Citation: Huang S-P, Bao B-Y, Hour T-C, Huang C-Y, Yu C-C, Liu C-C, et al. (2012) Genetic Variants in CASP3, BMP5, and IRS2 Genes May Influence Survival in Prostate Cancer Patients Receiving Androgen-Deprivation Therapy. PLoS ONE 7(7): e41219. https://doi.org/10.1371/journal.pone.0041219

Editor: Giuseppe Novelli, Tor Vergata University of Rome, Italy

Received: April 17, 2012; Accepted: June 18, 2012; Published: July 23, 2012

Copyright: © 2012 Huang et al. This is an open-access article distributed under the terms of the Creative Commons Attribution License, which permits unrestricted use, distribution, and reproduction in any medium, provided the original author and source are credited.

Funding: This work was supported by the NSC grants NSC-98-2320-B-039-019-MY3, NSC-99-2314-B-037-018-MY3, NSC-100-2314-B-039-009-MY3, and China Medical University grant CMU99-COL-13. The funders had no role in study design, data collection and analysis, decision to publish, or preparation of the manuscript.

Competing interests: The authors have declared that no competing interests exist.

Introduction

Prostate cancer, the most frequently diagnosed cancer, is the second leading cause of cancer-related deaths among men in Western countries [1], [2]. Since it was first introduced more than 70 years ago, an androgen-deprivation therapy (ADT) has been the mainstay of treatment for advanced prostate cancer based on that the androgen signaling has been considered the main oncogenic driver in prostate carcinogenesis.
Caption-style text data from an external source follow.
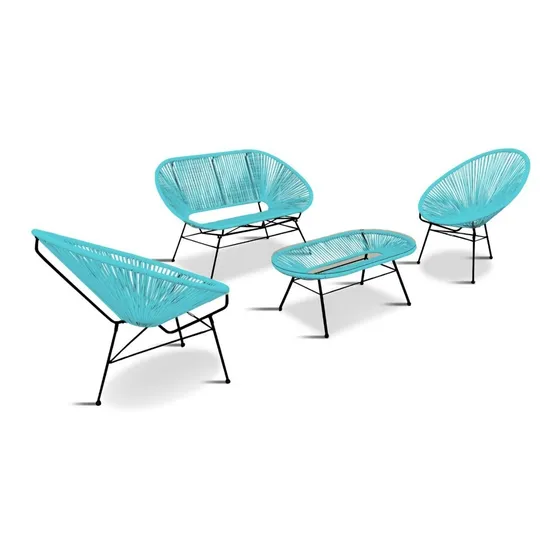 Juego De Sala Y Muebles En Mimbre Plástico Pvc.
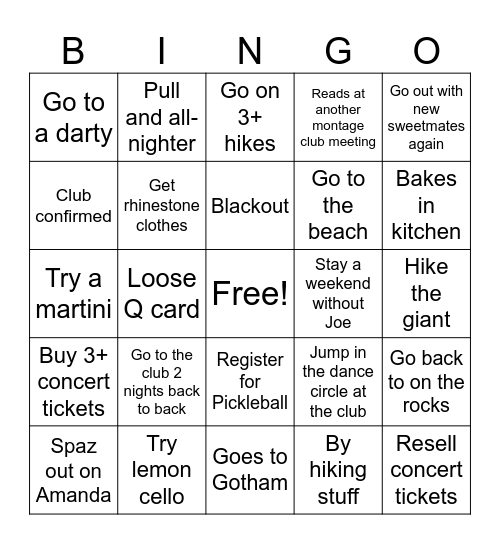 2 Semester Bingo Card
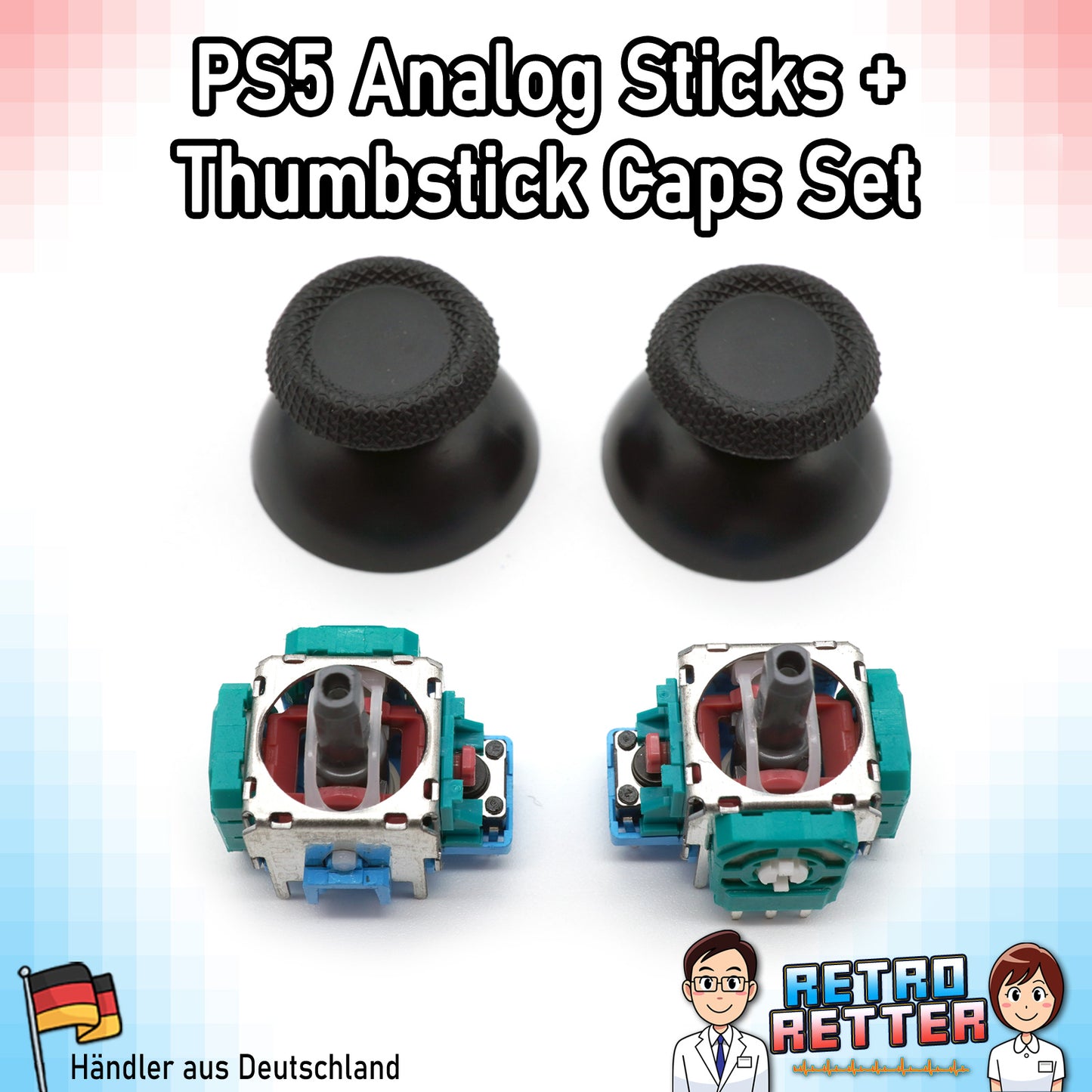 Analog-Sticks und Thumbstick Caps für - PS5, Xbox Series S / X, Switch Pro Controller -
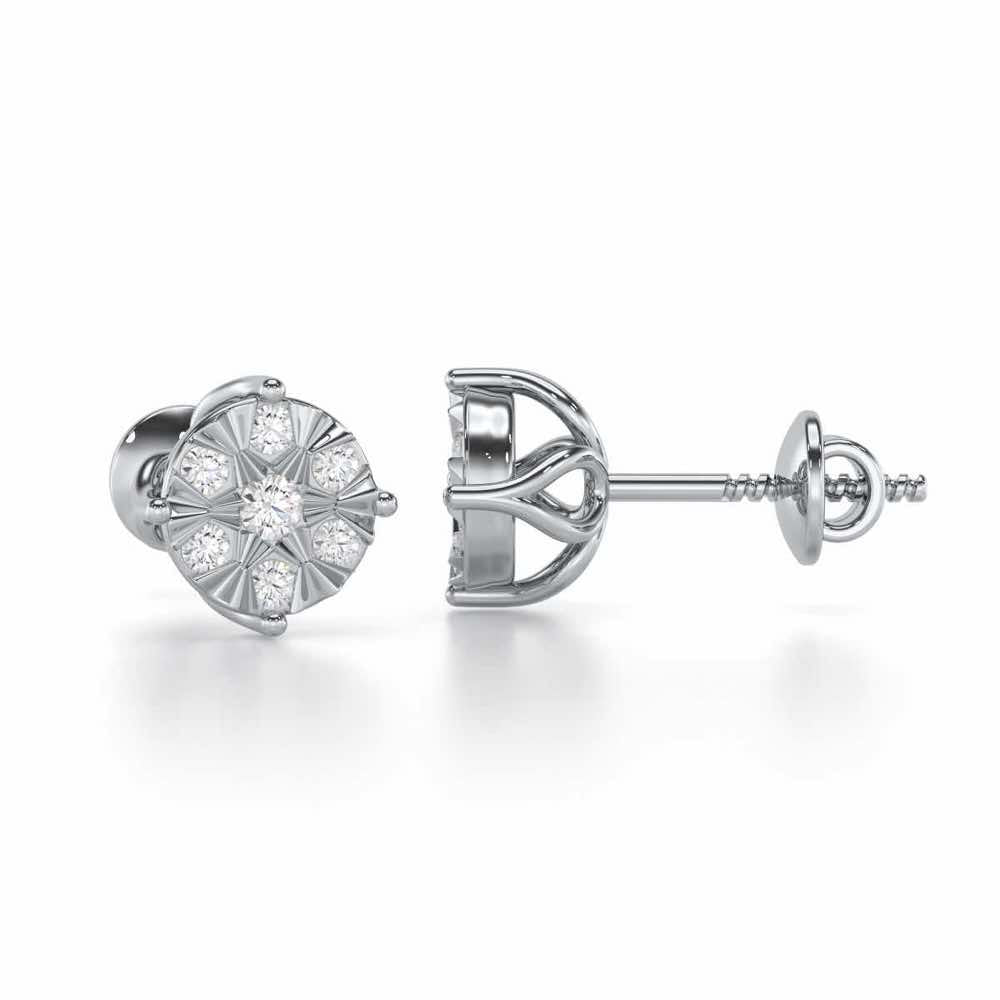 Whimsy Silver Earrings - White Gold - Image 4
The initial response rate of prostate cancer to ADT has been reported to be up to 80%, however, the disease in most of treated patients have progressed toward castration-resistant prostate cancer (CRPC). Unfortunately, CRPC is still incurable and the median survival for patients with CRPC is only 1–2 years. Nevertheless, poor understanding of the molecular mechanisms underlying CRPC might be the constraint on development of efficient therapy.
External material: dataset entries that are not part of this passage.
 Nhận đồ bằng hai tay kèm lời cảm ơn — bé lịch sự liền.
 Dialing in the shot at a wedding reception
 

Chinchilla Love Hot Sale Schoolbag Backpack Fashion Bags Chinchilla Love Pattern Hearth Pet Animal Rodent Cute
Genetic biomarkers have been demonstrated to have potential for enabling application of more effective personalized diagnosis, prognosis and treatment in clinics. Recently, millions of single nucleotide polymorphisms (SNPs) have been identified to be associated with the risk of prostate cancer in several genome-wide association studies, such as the Cancer Genetic Markers of Susceptibility (CGEMS) study [3]–[14]. Nonetheless, the prognostic value of the prostate cancer-associated variants has not been well documented.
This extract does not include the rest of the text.